There is was again. The loud scuffling noise. Some knocking. It was coming from the fireplace stove pipe.

No, no, no! I can’t deal with this. It’s a bird. I know it’s a bird, and I have to get it out, but it’ll fly all over the house and I can’t. I just can’t.

I call my husband at work. He pretty much said, “You’ll have to get it out. Put the dog and the cat into a bedroom. Close the door on them, then open all the outside doors, and remove the fireplace insert.”

Sometimes husbands aren’t as useful as you’d expect. I thought maybe he’d drop everything, rush on home, to take care of things while I cowered in the bedroom with the dog and the cat.
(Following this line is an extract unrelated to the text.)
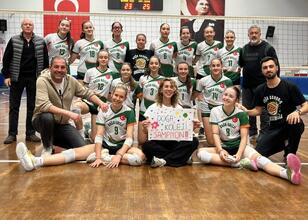 Doğa Koleji, ortaokullar voleybolda Türkiye şampiyonu oldu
Big breath. I screwed up my courage, did as my husband suggest and pulled out the fireplace insert.

And nothing. No bird. A little pile of dirty pink fibreglas insulation lay at the bottom of the firebox along with–was that bird crap? Maybe it wasn’t a bird. Maybe it was a bat. Ha try again. I knew it was a bird. Somehow, there was a bird in the stove pipe and it was above the fibreglass stuffing. I got a flash light and tried to figure out a way to solve this. maybe I could pull out the insulation, but if I did that, I’d pull the bird down on me. I stuck my head in the firebox and craned to see what I could see. Nothing. I could see nothing at all. Nothing save a black hole. I needed help for this job, and that poor bird would have to wait until my husband came home. He’d put the insulation into the pipes and he surely knew where he’d put it.
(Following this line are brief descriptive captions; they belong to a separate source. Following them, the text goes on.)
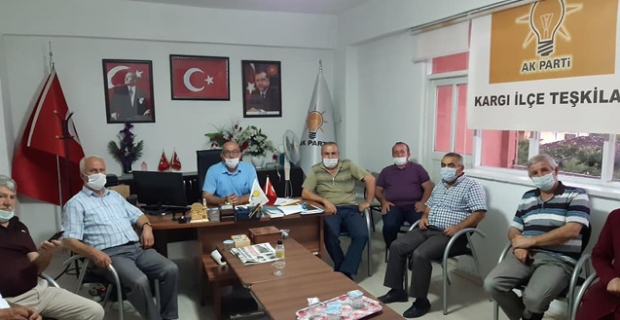 Ak Parti haftalık toplantılarını sürdürüyor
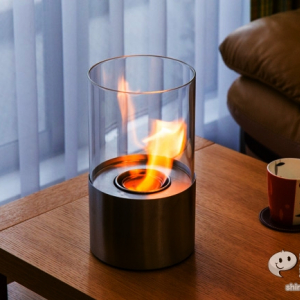 『クリスタルファイヤー』工事不要で室内に本物の炎を燃やせる簡易デザイン暖炉を実際に使ってみた！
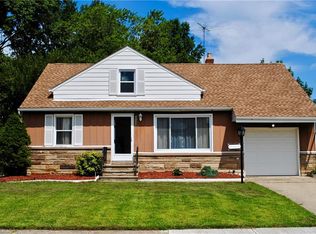 26241 Parklane Dr, Euclid, OH 44132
I took the dog for a walk. I couldn’t bear to stay in the studio and listen to that it try to knock it’s way out of it’s sheet metal prison.

About mid afternoon, I heard a ruckus downstairs. Not the bird surely, this was more noise even that it could make.

Oh my God! The cat was in a panic. The dog started to bark. A large–I mean not your wren or your sparrow, not even a robin sized bird, but a BIG bird was fluttering around in the firebox, stopping now and then pausing to cling to the mesh firescreen.

I called off the dog, grabbed the cat and put them both into a bedroom, closing the door on them. I ran around closing the doors to every room that had a door. I opened all the outside doors. Then cautiously I went back down the stairs. Yes, it was till there, it’s yellow tail feathers spread, its chest heaving. I took a small blanket from the couch. My intentions were to throw the blanket over the bird, pick it up and put it outside. Cautiously I pulled back the fireplace screen. In flash the bird was past its edge and in the air.

Stupid, stupid me. I should have closed the window shutters. It slammed hard into the window. Its poor beak was seriously bent out of shape. Again I tried with the blanket, and this time I caught it. Darn good thing, because I don’t think either of us could have taken much more.

Holding it as gently as I could, still in the blanket, It carried it outside. My intention was to set it on the lawn. Its feet never touched the ground. Zoom! It was gone.

So okay, I guess it wasn’t a HUGE bird, but it was pretty big. It turned out to be a Hairy Woodpecker and I’m happy to report that before it zoomed away, it’s beak looked okay again. I guess they’re used to hammering it against things.

220px-Picoides-villosus-001

Phew! Two close encounters in one day. I may yet get over this phobia.